Eric Carter — The Golden Child Who Won Worlds on Two Kinds of Bike
BMX Racing History · Rider Profile · Legend Bike Co
Eric Carter
Most kids learn to handle a bike on a track. Eric Carter learned his on a curb. He grew up in Lakewood, California, in a regular suburban neighborhood, and the tracks were too far to ride to. So he rode laps around his own block — not the sidewalk, the 9-inch curb next to the gutter. Car mirrors. Trees. Fire hydrants. Trash cans. He left all of it right where it was and figured out how to thread through without putting a foot down or dropping off the curb. He didn't know it then. But that curb is where the bike control came from.
That's the part people forget about EC. The titles get all the attention, and there are a lot of them. But the cornering came first, and the cornering is the whole story.
The kid with all the titles
The magazines called him "The Golden Child" when he was still an amateur, and it wasn't a stretch. He won IBMXF amateur World Championships three years running — 1985, 1986, 1987. The IBMXF was the real world stage for BMX back then, the federation that ran the global championship before the sport went where it's gone since. Carter kept winning his class on it. Three straight.
He came up through a long string of teams the way amateurs did then — JMC early, then Hutch, then CW Racing, then Schwinn, where he turned pro in 1989. The pro years had their stops and starts. He took breaks. He raced motorcycles for a stretch. But when he was on it, he was on it — in 1993 he came back to BMX full-time and took the NBL National No.1 Pro title.
Out back at Supercross
I knew the name before most people did. In the early days of Supercross BMX, when I was still designing the very first Supercross frame, Eric was one of the riders doing gate starts out back. Pete Longerich was out there. Kiyomi Waller. Billy Griggs. Fast kids, all of them, getting their snaps in. I wasn't building his career and I'm not going to pretend I was. But I watched him pull that gate, and you could see it. The kid was special.
Then he changed sports
Here's where it gets unusual. Most riders get one sport. EC got two. Around the mid-'90s he moved over to mountain bikes, and the curb paid off all over again. Dual slalom, then four-cross — short, tight, gates and turns and contact, the closest thing on a mountain bike to a BMX moto. It was the perfect fit for a guy who'd spent his whole life learning how to pass people in a corner.
And he cleaned up. 1999 Dual Slalom World Cup Champion. 2003 World Cup champion in four-cross. 2004 four-cross World Champion. A NORBA national downhill title in 1999, the year he was also named USA Cycling's athlete of the year. He helped invent four-cross as a discipline, not just win it. Add the BMX side and the mountain bike side together and you land somewhere around 19 national titles and 5 world titles across the two sports. Nobody hands you a record like that. You earn it one corner at a time.
He rode for Barracuda, Troy Lee Designs, GT, and then Mongoose for a long run — long enough that Mongoose built a signature Eric Carter four-cross bike. Last I checked he never took a job outside the bike industry in his whole life. That's about as pure a career as this sport produces.
What we don't know. The sources line up on the big titles and the years, but a few things stay fuzzy. His exact mountain bike sponsor timeline has some gaps and overlaps depending on which source you read, so I've kept it to the ones I could confirm. The total title count — "19 national, 5 world" — comes from a magazine profile and adds the BMX and mountain bike sides together; the individual world titles are each documented, but treat the round number as a magazine's tally, not a line-by-line ledger. If you raced against EC or have the old results, I'd love to tighten this up.
Sources
- Wikipedia, "Eric Carter (BMX rider)" — career milestones, sponsor list, IBMXF and UCI title record, NORBA results — en.wikipedia.org/wiki/Eric_Carter_(BMX_rider)
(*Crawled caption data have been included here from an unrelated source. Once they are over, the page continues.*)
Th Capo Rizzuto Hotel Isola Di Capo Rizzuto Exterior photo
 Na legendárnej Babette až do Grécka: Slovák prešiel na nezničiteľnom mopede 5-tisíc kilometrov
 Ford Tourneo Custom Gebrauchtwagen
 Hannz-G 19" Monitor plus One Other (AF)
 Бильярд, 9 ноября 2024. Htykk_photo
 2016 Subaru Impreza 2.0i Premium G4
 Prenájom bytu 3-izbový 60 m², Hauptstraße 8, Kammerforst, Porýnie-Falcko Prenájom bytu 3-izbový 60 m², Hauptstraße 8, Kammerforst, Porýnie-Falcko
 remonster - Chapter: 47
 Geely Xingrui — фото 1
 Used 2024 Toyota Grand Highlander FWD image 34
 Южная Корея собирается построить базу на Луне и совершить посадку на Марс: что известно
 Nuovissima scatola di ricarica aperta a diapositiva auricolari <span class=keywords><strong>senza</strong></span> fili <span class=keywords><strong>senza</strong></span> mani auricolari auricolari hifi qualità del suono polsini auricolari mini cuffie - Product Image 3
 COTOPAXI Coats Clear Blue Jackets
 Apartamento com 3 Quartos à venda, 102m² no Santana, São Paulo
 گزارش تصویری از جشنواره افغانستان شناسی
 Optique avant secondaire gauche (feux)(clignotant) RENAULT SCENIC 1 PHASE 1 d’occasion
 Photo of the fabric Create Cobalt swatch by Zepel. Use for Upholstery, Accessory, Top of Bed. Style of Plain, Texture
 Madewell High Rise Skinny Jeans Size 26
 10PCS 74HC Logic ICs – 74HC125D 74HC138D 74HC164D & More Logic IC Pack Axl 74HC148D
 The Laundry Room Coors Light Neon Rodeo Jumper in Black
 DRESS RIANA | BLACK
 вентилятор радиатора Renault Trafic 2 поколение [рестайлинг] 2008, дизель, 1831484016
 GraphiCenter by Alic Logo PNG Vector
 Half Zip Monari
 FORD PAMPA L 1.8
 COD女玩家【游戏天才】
- Mountain Bike Action, "Meet Eric Carter" (2019) — Lakewood upbringing, the curb-riding story, four-cross, 19 national / 5 world title tally — mbaction.com/meet-eric-carter
- Pinkbike, "Interview — Eric Carter" (2013) — racing background and transition to mountain bikes — pinkbike.com/news/Eric-Carter-Interview-2013.html
- Bill Ryan, founder of Supercross BMX — firsthand account of Eric Carter doing gate starts at the early Supercross days alongside Pete Longerich, Kiyomi Waller, and Billy Griggs.